Luxury Real Estate News 07/02/10

by Mark Knowles on July 1, 2010

All sorts of interesting news going on at the moment, with the gap between the haves and the have-nots seeming to increase all the time.

More bad news from the banking sector in Europe means that despite massive injections of capital from all the central banks in question, many European banks are still hiding bad debts and on life support according to the Bank of International Settlements. Accordingly, property investment in France – along with most European countries is difficult thanks to lack of available financing and the fact that the banks are in  the process of devaluing real estate across the board.

Still – compared to the disaster unfolding in Spain – which will make the Greek debt situation look like an unpaid bar tab, France is in relatively good shape, excepting the massive – and we do mean massive – exposure BNP Paribais has in the Spanish property market. No one in the banking sector is prepared to admit it just yet, but the 60 billion Euros already dumped into Spain (with nary a mention in the press) has now been transformed in to luxury yachts for the select few senior bank managers – and it is time to see how much needs pumping in this time. It is any body’s guess how much property the banks are sitting on, but another 300 billion seems reasonable. The most exposed seem to be, Santander, BNP Paribas, UniCredit and Deutsche Bank. Oh well – it is only money and I am sure creating another 300 billion Euros out of thin air will not have an effect on the value of my pension plan and unemployment in Spain is only a measly 20% – so nothing to worry about there.

Bloomberg Business Week thinks “London Luxury-Home Prices Driven Higher by Overseas Purchasers“, which is sort of true but a massive misrepresentation because sales volumes are a dismal levels – almost record lows. Still – that doesn’t stop Bloomberg from claiming that “Luxury-home prices in central London are increasing in value twice as fast as the U.K. market as a whole” – which is funny seeing as average prices decreased last month. Still – why let the facts get in the way of a good bubble mongering headline? Who says journalism needs to be accurate in any case? Bloomberg bubble mongering.

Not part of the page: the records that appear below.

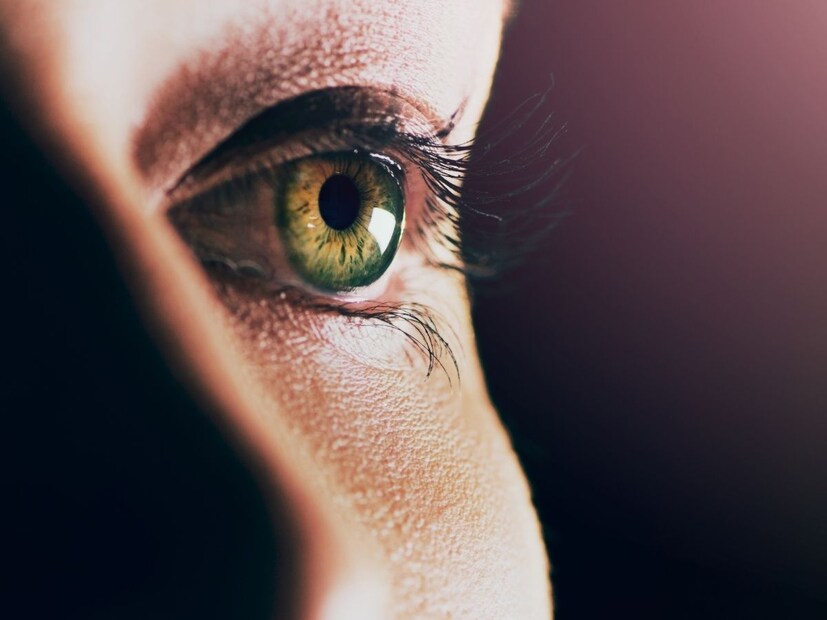 एखादी व्यक्ती खोटं बोलते हे तिच्या डोळ्यांवरून किंवा चेहर्‍याच्या हावभावांवरून समजतं. एखादी व्यक्ती खोटं बोलते हे तिच्या डोळ्यांवरून किंवा चेहर्‍याच्या हावभावांवरून समजतं.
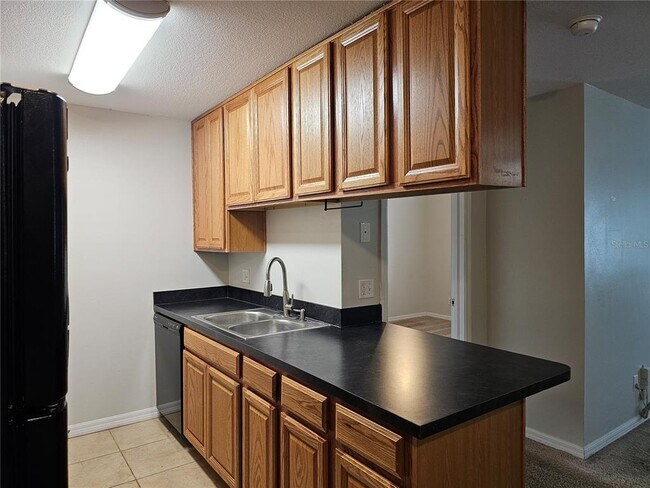 Building Photo - 540 Golden Raintree Pl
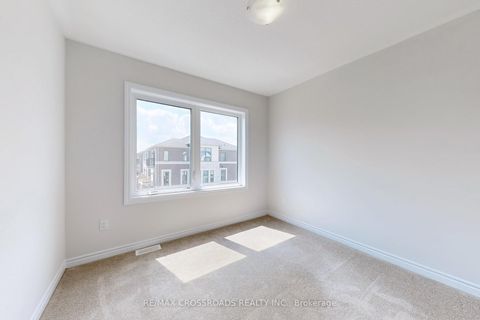 Photo 16 at 384 Okanagan Path, Donevan, Oshawa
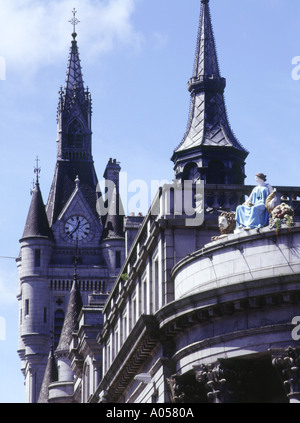 dh  UNION STREET ABERDEEN Roof tops Municipal buildings and Town house clock tower city scotland Stock Photo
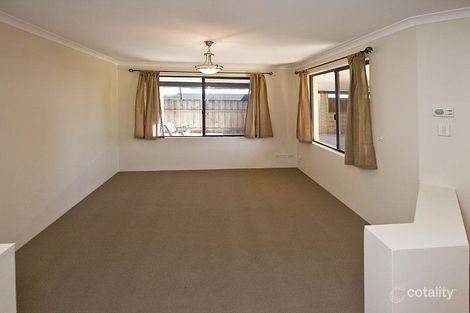 Property photo of 5 Rocklea Crescent Ellenbrook WA 6069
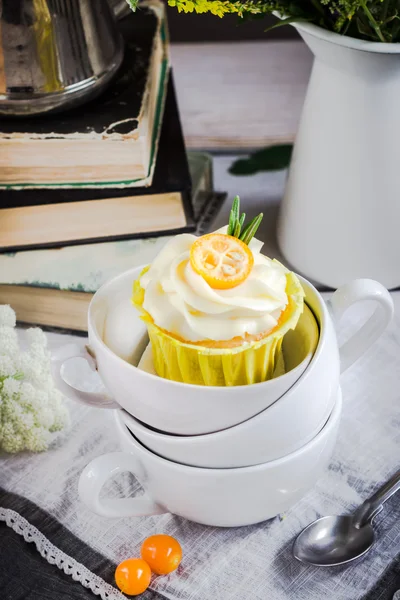 Cupcakes with cream cheese in white cup. — Stock Photo, Image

Walt Disney is moving into the luxury real estate business now and are apparently building a collection of luxury homes ranging in price from $1.5 million to as much as $8 million. “The homes will be in Orlando, within the 40 square miles of Disney’s thriving theme parks. The developments will be fashioned as resort communities with special ties to Disney World parks — private VIP tours of the parks, plus holiday home decorating, grocery delivery from an on-call concierge service, a fitness facility and spa”, according to housingwatch.

The community will be called the “Golden Oak Residential Resort Community,” and will be situated between Epcot and Disney World. I shudder to think, but will be interested to see how this one unfolds.